Sometimes these divides are subliminal. “For example, when I am with a non-Emirati friend and we are about to meet a new student, I immediately notice how the student holds back on their reactions or responses when we talk,” said Al-Hemeiri. “It is as though it has been already established that we cannot relate or click on a level that normal friends do.”
Al-Hemeiri found that there is something about foosball that enables people to forget about who they are and where they come from and think of one another simply as other students in the Baraha. “It was incredible,” she said. “My foosball skills became very intense, to the point that I beat a lot of male players. The look on their faces afterwards was hysterical.”
This divide seems to transcend the social. Mariam*, Class of 2021, pointed out that this lack of integration may apply to any dominant nationality on campus. “I think it’s essentially a matter of being comfortable and safe identifying with people from your home country while being in such an overwhelmingly international community on campus. I mean, I can make friends from all over the world, but the people closest to me have always been Emirati,” she said.
Some students also take issue with how this lack of integration is framed — specifically, as a problem that needs to be resolved. To these students, this assertion seems unfair and neglects the nuances of the matter. Hamda*, Class of 2018, asserted that she had never seen an Emirati who does not have any non-Emirati friends on this campus.

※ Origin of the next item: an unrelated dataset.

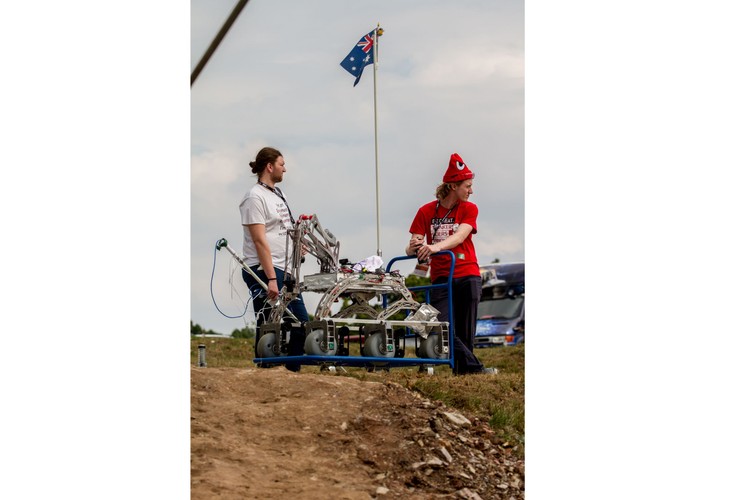 Konkurencje były oceniane przez specjalistów z sektora kosmicznego. 
<br>European Rover Challenge 2015, Jeden z łazików podczas zawodów. <br><br>fot. (cat) PAP/Michał Walczak
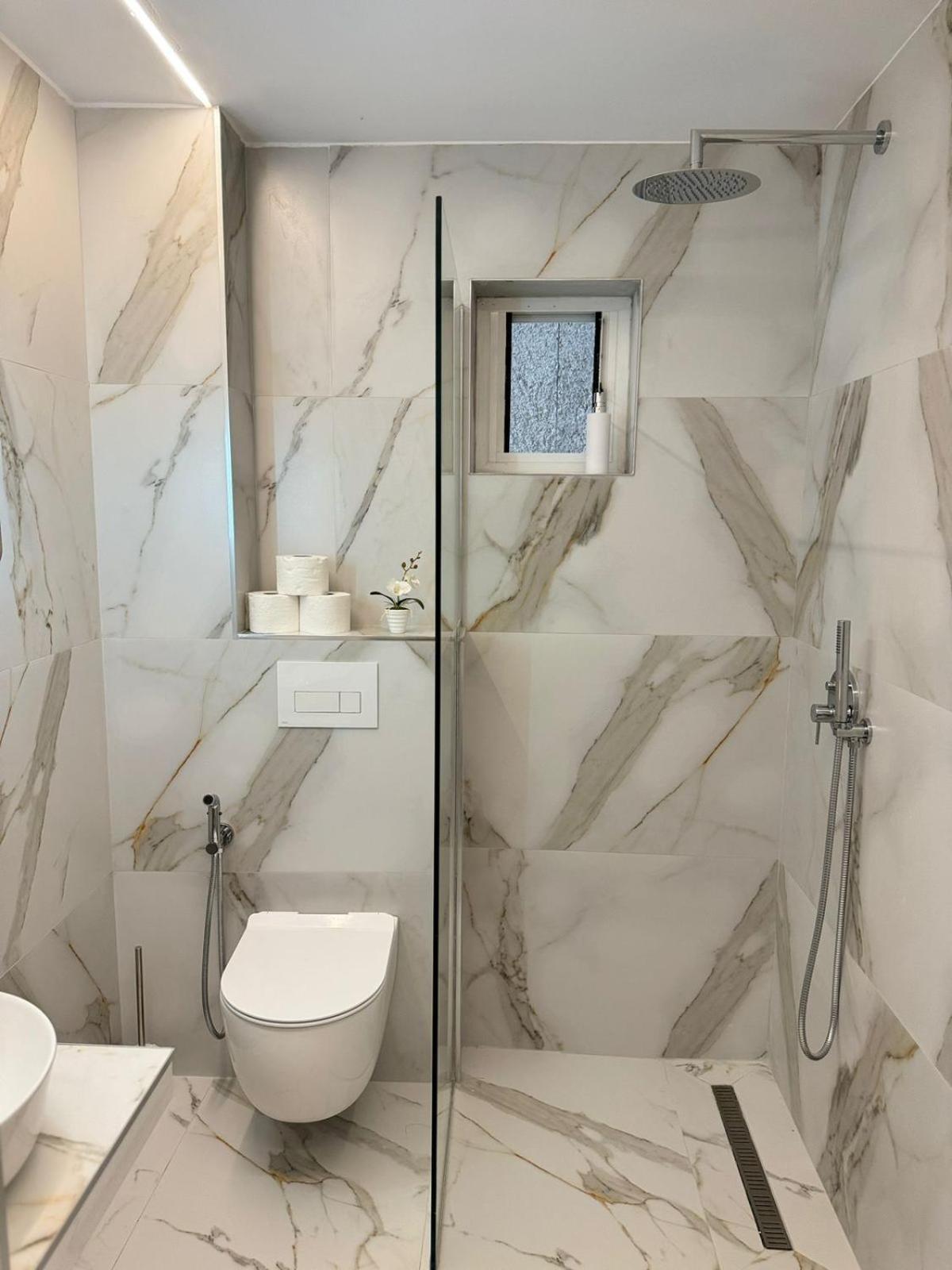 Ansi Paradiso Appartement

“One thing that may be what leads to the perception [of lack of integration] is the visibility factor … When you’re looking at Emiratis and seeing people in kandoras and abayas clustered together, it makes them stand out, and even though each of these Emiratis would then go their separate ways and meet with their non-Emirati friends, individually they are not as visible as when it’s a group standing together,” she said.
Brian Kim, Class of 2020, agreed.
“As misinformed people who might not have had any interactions with the Emiratis, people assume that Emiratis are aloof, or don’t care. And because they mark themselves with their dress — oftentimes you see a cloud of white kandoras or black abayas — you don’t interact with them,” said Kim.
There is also the issue of the approachability of Emiratis, which Kim attributes to a perceived difference in values among students, especially since NYUAD is a liberal arts college. Due to the perceived conservatism of Emiratis, Kim added, people often assume that they might not accept liberal people or ideas.
Hamda was quick to counter the notion of Emiratis being unapproachable.
“Word spreads around quickly that people don’t feel Emiratis are approachable, and my response to that is always, Did you or anyone saying that try to approach an Emirati? And their response is almost always no,” said Hamda. “I’m not saying that you have to put in an effort to engage with Emiratis, but if you feel that this is a problem, the least you can do is try,” she added.
Asma*, Class of 2019, added that part of the approachability issue stemmed from a lack of understanding of Emirati culture, which is more dynamic than most people realize.
“These rules are not fixed,” she said. “Some Emirati women are very okay with hugging male friends, some Emiratis are very comfortable talking about things that are against culture … It really varies from individual to individual, and I don’t think we can be taken under a single umbrella.”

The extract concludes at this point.